Als der Tag zu Ende ging, wurde Sieker klar, dass der liebe Gott es gut mit ihm meinte. Ja, Joni hatte einen Anfall gehabt, ja, er, Jakob Sieker war überfallen worden, aber er hatte wunderbare Menschen kennengelernt. Der junge Matthis war so eifrig, so hilfsbereit, ganz anders als sein Ziehsohn Hannes, den er vor Jahren aufgenommen hatte. Hannes war oft mürrisch und seine Aufgaben in Haus und Werkstatt erledigte er lustlos. Statt dankbar zu sein, betonte er immer wieder, dass er fortgehen würde, sobald wie möglich. Während seiner Lehrzeit, die heute schon fünf Jahre zurücklag, hatte Hannes sich wenig Mühe gegeben. Dieser Junge hier, der würde sein letztes Hemd geben für eine Lehre bei ihm.

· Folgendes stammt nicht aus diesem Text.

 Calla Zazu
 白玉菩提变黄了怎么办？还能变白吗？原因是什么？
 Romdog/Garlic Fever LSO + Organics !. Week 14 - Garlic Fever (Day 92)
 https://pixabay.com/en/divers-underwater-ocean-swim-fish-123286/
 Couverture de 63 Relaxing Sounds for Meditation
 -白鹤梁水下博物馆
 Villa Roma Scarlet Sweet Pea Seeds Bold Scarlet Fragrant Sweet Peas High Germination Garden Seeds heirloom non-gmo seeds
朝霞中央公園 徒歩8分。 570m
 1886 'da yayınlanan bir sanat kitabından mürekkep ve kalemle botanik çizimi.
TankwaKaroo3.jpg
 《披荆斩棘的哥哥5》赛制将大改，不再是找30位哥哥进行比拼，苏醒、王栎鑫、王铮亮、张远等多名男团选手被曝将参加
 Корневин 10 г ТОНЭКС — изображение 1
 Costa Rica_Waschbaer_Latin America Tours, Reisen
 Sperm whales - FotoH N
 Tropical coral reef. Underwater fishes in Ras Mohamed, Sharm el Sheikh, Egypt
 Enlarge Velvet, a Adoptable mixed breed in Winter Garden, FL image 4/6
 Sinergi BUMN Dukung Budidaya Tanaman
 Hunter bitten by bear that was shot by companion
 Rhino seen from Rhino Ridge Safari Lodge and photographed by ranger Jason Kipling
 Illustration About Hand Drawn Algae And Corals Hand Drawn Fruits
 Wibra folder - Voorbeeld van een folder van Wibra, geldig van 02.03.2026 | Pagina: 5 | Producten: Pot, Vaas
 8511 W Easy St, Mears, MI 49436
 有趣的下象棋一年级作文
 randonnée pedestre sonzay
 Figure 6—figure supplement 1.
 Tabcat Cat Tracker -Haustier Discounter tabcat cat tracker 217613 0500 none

Außerdem war da diese Frau. So winzig war sie, und doch erschien sie vor seinem geistigen Auge riesengroß und drängte alles andere aus seinen Gedanken. Wie fachmännisch sie ihn untersucht hatte, wie leicht ihre Berührungen waren. Ihr Lachen schien ihm das Schönste zu sein, das er je gesehen hatte. Gut, sie hatten einen Idioten als Sohn, aber der war ja allerliebst, wie ein arg tapsiger, unbeholfener Bär. An ihm erkannte Sieker, dass diese Hannah zu echter Hingabe fähig war.

Er seufzte, nahm sich vor, sie bald wieder zu besuchen, drehte sich um und schlief ein.